## Loading Pub/Sub Lite to Spark

In [1]:
from pyspark.sql import SparkSession
from pyspark.sql.types import StringType, StructType, StructField, IntegerType, LongType, FloatType, DateType
from pyspark.sql.functions import from_json, col
import pyspark.sql.functions as f

import base64

In [2]:
project_number = 1072423212419
location = "europe-central2"
lite_subscription_id = "bda-reddit-sub-lite"

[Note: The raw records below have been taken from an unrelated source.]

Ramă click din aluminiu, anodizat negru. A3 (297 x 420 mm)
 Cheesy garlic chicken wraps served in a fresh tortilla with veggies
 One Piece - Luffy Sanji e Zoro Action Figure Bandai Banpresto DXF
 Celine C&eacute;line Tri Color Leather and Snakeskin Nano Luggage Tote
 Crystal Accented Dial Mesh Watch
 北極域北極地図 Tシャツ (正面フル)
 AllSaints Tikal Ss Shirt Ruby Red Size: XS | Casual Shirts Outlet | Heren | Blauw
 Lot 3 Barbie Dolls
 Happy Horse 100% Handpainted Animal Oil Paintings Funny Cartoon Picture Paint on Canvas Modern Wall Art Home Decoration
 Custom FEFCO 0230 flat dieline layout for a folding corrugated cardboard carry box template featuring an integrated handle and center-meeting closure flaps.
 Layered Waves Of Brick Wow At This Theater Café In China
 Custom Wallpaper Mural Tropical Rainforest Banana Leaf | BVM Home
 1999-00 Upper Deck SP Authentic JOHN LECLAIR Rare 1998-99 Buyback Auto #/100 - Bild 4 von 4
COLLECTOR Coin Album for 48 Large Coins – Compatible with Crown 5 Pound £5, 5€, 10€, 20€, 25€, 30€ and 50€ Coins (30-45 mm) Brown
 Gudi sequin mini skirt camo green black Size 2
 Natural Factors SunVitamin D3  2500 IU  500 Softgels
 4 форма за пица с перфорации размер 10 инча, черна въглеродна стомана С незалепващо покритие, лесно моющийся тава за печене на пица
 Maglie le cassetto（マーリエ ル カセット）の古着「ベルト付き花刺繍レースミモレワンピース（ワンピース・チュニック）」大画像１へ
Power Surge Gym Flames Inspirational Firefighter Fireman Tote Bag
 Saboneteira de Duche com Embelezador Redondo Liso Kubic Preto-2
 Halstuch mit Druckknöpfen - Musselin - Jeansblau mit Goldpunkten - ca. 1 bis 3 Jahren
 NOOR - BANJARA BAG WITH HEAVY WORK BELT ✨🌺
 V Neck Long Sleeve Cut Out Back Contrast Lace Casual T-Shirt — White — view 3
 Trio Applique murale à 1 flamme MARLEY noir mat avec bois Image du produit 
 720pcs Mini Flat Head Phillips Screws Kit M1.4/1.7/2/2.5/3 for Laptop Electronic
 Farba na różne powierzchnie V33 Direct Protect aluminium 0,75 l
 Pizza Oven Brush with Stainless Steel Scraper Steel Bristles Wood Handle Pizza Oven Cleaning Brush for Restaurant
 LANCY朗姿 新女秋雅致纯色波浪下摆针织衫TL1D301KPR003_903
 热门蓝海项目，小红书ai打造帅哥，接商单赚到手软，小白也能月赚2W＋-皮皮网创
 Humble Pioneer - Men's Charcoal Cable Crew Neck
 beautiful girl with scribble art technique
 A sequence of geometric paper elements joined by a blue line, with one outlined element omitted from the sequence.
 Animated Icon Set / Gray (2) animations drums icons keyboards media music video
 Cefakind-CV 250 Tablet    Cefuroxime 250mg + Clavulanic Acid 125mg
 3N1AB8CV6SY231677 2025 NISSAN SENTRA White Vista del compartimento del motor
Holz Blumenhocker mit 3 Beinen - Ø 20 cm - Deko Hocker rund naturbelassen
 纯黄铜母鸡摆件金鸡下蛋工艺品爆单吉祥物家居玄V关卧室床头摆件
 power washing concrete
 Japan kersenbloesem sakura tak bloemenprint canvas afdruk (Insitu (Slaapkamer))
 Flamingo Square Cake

key_file = open("/home/bda_crypto_busters/repos/BigDataAnalytics/2_data_preprocessing/crypto/stream/crypto-busting-375023-6722d6967eca.json", "rb")
key = base64.b64encode(key_file.read())
key = key.decode("utf-8")

In [3]:
spark = (
    SparkSession
    .builder
    .config("spark.jars", "/home/bda_crypto_busters/repos/BigDataAnalytics/2_data_preprocessing/crypto/stream/pubsublite-spark-sql-streaming-LATEST-with-dependencies.jar")
    .config("spark.dynamicAllocation.enabled", "false")
    .appName("Read Pub/Sub Lite Stream")
    .master("yarn")
    .getOrCreate()
)

In [4]:
spark.sql("add jar gs://spark-lib/pubsublite/pubsublite-spark-sql-streaming-LATEST-with-dependencies.jar")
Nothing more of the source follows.